Joan Pau Inarejos
Medio griego, medio egipcio, medio francés, Georges Moustaki era hijo de las grandes civilizaciones antiguas. Lejano descendiente de aquellas naciones antaño esplendorosas que hoy sufren el estrés de la ortodoxia monetaria y el fundamentalismo religioso, su barba abundante tenía algo de patriarca de telefilme bíblico. De sapiencia bondadosa. Un pantocrátor oriental de franca sonrisa. Llamado judío errante y pastor heleno, nos hubiéramos fiado de él para comprarle un coche y para que nos llevara con él hasta el confín de las nubes.
Me confieso un pobre ignorante de la chanson francófona, y sin embargo considero a Moustaki parte de mi familia. Su voz resonaba todos los veranos en el coche, y esa banda sonora del trovador barbudo tendrá siempre para mí el color y el olor de los paisajes pirenaicos que surcaba nuestra Nissan Vanette entre jaleo de papillas y pataletas. Mi padre tarareaba los versos con sosegado deleite, y aunque a mí me parecían lejanas e incluso antipáticas aquellas canciones de los años setenta, poco a poco también fueron mías. Será por aquello de que vivir consiste en ir pareciéndonos a nuestro padre.
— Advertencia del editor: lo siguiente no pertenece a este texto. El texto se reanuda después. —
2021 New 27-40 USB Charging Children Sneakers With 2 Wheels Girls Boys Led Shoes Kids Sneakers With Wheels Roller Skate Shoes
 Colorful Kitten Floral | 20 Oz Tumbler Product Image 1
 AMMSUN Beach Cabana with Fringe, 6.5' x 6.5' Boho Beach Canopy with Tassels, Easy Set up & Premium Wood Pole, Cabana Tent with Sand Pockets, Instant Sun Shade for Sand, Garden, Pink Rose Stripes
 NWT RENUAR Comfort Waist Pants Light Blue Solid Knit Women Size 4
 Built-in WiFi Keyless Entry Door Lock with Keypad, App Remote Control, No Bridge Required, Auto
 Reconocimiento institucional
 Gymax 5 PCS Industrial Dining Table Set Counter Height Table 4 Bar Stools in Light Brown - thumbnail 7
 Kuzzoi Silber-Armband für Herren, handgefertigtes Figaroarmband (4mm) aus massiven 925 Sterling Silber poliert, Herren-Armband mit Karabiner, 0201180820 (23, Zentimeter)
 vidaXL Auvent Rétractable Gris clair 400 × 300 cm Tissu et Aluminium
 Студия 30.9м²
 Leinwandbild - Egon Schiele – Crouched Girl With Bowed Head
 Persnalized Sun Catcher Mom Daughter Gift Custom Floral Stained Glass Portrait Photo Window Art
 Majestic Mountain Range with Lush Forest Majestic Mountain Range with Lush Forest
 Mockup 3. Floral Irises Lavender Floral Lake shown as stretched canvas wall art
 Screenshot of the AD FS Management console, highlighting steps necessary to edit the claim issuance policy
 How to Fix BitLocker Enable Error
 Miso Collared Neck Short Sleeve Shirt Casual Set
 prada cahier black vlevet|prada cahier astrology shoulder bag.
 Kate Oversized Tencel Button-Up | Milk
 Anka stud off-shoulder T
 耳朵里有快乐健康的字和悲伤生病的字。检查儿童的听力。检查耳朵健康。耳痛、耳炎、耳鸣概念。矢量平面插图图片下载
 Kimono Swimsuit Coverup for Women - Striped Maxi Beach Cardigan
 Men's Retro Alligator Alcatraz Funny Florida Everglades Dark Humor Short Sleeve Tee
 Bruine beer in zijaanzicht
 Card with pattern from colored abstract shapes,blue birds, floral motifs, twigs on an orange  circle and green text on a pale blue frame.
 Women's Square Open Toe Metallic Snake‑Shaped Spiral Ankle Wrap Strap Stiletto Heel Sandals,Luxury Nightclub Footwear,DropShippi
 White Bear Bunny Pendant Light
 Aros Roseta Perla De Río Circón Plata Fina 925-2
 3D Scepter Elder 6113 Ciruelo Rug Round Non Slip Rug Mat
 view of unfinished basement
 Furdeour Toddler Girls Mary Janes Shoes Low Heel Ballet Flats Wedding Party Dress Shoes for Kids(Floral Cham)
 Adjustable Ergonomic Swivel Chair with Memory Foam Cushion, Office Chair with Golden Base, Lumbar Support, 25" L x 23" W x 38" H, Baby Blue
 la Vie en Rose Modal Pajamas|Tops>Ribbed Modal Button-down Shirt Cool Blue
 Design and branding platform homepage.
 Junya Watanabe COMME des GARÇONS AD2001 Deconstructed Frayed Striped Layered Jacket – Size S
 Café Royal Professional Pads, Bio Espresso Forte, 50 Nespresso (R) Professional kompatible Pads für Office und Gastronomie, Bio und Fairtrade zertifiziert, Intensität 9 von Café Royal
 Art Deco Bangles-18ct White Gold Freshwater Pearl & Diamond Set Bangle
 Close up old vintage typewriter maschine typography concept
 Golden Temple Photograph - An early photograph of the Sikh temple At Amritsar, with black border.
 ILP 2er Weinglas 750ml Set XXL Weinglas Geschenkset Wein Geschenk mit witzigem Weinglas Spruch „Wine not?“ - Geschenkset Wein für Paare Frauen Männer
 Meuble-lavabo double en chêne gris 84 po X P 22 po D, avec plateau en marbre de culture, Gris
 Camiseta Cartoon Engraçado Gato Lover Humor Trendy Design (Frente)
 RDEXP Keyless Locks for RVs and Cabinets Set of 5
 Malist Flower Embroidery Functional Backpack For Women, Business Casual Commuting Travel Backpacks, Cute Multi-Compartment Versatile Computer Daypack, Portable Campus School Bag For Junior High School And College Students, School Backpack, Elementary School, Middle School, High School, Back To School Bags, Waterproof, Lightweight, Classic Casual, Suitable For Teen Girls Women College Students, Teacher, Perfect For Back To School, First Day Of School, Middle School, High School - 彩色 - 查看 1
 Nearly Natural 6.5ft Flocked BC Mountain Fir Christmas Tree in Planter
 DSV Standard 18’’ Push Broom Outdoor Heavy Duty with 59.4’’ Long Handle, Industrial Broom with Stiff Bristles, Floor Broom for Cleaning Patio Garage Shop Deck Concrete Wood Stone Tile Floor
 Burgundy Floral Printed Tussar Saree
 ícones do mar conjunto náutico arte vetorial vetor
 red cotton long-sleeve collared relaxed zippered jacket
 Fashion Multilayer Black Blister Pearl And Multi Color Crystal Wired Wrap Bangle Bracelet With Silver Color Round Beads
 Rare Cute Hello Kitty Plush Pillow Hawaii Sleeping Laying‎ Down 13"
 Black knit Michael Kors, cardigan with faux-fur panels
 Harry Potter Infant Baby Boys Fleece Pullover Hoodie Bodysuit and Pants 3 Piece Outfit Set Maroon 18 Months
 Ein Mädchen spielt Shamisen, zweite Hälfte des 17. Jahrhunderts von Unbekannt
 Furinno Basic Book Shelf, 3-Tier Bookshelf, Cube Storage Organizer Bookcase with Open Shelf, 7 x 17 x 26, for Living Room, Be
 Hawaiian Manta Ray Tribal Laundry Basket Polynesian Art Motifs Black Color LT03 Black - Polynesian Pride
No es fácil hablar al corazón en idioma extranjero. Hoy Internet nos ayuda a traducirlo casi todo, pero Moustaki nos ha conmovido a muchos incluso antes de saber lo que nos decía. Privilegio que tienen la pintura y la música, pero menos frecuente cuando la torre de Babel de las lenguas se cruza en nuestro camino. Grave y cálida a la vez, su voz describió a la perfección el meteque vagabundo para quien quisiera oírlo, pintó con acierto las brumas de la solitude universal, hizo más humano que nunca a ese Joseph enamorado de María y evocó cómo la nostalgia de los tiempos pasados puede convivir con la secreta alegría de vivir, aunque sea trop tard.
Ahora que nos ha dejado, se agranda la sensación de que vivía en un mundo a parte, preñado de una rara tranquilidad espiritual. Será la ataraxia de los griegos, aquel ánimo imperturbable donde el rumor del oleaje no necesita traducciones.